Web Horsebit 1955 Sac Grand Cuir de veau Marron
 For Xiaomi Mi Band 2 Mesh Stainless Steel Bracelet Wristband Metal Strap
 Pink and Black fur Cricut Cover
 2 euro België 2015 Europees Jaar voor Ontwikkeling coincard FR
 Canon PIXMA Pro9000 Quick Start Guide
++++++++++++++++++++
EXERCISE PROMPT:
Your reply should be the lines from the one that contains "2 euro België" through the end of the listing above, repeated exactly.

RESULT OF THIS EXERCISE:
 2 euro België 2015 Europees Jaar voor Ontwikkeling coincard FR
 Canon PIXMA Pro9000 Quick Start Guide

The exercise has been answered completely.